**WHAT TO DO:**
Print, exactly as they stand, the lines from the start of the listing to the line containing "Squirrel Standing on", inclusive.

**SOURCE MATERIAL:**
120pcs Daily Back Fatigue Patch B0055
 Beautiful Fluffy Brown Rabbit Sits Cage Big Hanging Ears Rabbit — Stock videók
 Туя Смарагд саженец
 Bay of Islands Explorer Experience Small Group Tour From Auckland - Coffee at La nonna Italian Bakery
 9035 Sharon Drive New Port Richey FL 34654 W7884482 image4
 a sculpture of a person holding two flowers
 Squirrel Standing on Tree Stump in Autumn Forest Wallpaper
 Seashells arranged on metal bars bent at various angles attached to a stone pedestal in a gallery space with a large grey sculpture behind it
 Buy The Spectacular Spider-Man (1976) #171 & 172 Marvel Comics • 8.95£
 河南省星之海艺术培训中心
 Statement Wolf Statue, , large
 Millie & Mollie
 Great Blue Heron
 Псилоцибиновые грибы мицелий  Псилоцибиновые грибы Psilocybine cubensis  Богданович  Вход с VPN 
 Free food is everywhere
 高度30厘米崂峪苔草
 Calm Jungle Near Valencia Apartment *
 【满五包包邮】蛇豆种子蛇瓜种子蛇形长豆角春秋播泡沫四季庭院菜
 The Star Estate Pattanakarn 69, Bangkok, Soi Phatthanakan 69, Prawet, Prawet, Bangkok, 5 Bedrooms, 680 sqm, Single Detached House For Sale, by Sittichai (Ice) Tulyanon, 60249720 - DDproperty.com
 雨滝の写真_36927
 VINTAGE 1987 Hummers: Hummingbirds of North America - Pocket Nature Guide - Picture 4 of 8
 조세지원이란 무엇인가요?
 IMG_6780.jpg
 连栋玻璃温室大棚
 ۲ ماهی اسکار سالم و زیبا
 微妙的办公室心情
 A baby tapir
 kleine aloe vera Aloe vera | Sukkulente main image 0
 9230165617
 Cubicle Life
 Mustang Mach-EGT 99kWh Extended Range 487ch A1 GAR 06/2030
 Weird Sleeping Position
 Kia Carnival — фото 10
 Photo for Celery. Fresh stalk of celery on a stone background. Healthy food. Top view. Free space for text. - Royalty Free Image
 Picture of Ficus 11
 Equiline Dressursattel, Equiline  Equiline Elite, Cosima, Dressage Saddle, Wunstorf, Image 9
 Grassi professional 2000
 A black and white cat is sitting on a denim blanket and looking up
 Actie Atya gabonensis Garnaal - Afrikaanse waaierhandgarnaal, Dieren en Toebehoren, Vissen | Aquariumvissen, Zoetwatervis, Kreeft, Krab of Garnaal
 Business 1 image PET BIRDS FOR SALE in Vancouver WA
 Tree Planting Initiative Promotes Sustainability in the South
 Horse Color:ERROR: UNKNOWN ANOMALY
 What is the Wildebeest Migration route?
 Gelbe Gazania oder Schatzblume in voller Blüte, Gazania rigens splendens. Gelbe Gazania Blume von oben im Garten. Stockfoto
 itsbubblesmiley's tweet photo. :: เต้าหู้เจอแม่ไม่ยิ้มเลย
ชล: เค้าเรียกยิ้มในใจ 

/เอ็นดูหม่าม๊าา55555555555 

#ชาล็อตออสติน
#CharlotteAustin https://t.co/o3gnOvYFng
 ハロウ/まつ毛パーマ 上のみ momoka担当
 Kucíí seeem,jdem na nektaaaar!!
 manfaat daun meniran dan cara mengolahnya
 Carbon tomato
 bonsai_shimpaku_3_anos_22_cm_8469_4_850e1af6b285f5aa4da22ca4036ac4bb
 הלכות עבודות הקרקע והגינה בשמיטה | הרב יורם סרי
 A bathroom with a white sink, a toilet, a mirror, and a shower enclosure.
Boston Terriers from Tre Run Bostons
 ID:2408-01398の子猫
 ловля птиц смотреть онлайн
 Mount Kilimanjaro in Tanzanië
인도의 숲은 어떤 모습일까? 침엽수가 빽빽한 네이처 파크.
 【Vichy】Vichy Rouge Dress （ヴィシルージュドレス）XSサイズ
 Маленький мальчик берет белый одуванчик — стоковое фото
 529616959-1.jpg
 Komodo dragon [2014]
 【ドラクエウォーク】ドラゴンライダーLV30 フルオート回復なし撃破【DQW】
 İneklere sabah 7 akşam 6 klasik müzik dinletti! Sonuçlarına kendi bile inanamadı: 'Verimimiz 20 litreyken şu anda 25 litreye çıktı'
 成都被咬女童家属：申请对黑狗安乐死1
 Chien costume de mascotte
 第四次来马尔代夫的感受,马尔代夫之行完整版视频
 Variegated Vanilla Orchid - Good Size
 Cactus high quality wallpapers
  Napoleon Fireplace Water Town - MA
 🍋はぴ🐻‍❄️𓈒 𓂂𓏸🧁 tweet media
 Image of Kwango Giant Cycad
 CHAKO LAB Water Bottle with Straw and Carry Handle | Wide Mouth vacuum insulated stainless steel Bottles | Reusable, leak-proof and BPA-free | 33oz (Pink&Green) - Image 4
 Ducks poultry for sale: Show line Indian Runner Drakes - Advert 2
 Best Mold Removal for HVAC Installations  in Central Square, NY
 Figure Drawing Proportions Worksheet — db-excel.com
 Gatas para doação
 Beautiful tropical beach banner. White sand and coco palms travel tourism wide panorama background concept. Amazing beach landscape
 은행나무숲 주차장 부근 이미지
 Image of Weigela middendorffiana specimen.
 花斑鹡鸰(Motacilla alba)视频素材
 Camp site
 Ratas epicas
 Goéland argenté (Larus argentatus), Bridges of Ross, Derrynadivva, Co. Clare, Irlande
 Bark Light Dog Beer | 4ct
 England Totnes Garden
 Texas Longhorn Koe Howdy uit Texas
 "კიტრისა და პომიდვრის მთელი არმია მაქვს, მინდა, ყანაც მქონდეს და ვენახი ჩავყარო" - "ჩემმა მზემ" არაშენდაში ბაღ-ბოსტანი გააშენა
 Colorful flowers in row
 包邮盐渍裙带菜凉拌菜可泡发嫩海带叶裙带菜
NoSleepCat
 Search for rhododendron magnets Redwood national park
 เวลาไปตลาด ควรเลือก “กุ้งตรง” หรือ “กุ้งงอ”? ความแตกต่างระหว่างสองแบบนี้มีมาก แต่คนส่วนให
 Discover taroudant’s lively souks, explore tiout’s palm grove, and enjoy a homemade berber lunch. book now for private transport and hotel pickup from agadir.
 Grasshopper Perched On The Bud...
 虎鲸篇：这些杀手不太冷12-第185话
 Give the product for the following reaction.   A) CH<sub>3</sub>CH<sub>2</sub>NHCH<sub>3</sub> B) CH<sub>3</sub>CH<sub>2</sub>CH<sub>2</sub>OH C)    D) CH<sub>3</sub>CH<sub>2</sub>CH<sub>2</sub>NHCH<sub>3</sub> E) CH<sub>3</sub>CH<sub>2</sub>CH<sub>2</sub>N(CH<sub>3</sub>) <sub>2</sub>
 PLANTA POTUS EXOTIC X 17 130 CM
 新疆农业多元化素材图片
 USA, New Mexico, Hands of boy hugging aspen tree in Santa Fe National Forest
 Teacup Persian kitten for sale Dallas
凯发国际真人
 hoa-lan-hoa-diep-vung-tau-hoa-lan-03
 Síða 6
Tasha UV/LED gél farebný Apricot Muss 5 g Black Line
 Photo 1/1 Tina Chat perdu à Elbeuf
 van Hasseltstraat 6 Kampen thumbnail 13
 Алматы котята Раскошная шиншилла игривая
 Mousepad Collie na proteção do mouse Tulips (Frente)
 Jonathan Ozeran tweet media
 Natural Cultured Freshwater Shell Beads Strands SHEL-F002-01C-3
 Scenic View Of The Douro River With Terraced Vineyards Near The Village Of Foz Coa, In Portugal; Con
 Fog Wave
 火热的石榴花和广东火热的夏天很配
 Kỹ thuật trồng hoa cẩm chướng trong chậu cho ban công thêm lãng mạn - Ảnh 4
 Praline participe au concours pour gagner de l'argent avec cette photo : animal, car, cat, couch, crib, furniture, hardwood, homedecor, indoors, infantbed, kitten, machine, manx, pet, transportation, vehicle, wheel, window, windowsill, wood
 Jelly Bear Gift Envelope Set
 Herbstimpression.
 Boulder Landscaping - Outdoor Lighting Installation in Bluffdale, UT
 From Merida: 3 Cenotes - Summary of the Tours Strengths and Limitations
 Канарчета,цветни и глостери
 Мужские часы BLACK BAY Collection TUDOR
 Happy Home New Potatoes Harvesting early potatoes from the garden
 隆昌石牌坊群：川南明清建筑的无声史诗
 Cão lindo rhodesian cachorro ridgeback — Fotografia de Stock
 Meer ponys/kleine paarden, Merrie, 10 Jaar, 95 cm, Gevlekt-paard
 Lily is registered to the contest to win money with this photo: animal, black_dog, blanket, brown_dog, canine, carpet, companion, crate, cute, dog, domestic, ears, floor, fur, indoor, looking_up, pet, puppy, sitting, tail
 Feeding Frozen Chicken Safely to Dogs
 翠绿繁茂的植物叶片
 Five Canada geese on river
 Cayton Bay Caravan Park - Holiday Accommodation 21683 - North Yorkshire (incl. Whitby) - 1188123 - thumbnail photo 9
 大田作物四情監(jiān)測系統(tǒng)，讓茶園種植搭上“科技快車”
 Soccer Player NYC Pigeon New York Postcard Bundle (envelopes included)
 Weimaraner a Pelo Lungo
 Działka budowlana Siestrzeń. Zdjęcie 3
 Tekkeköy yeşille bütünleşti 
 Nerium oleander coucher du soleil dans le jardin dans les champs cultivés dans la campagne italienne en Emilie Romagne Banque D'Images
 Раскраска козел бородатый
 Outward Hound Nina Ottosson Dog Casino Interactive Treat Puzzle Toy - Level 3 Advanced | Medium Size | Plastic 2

**RESPONSE TO THE TASK:**
120pcs Daily Back Fatigue Patch B0055
 Beautiful Fluffy Brown Rabbit Sits Cage Big Hanging Ears Rabbit — Stock videók
 Туя Смарагд саженец
 Bay of Islands Explorer Experience Small Group Tour From Auckland - Coffee at La nonna Italian Bakery
 9035 Sharon Drive New Port Richey FL 34654 W7884482 image4
 a sculpture of a person holding two flowers
 Squirrel Standing on Tree Stump in Autumn Forest Wallpaper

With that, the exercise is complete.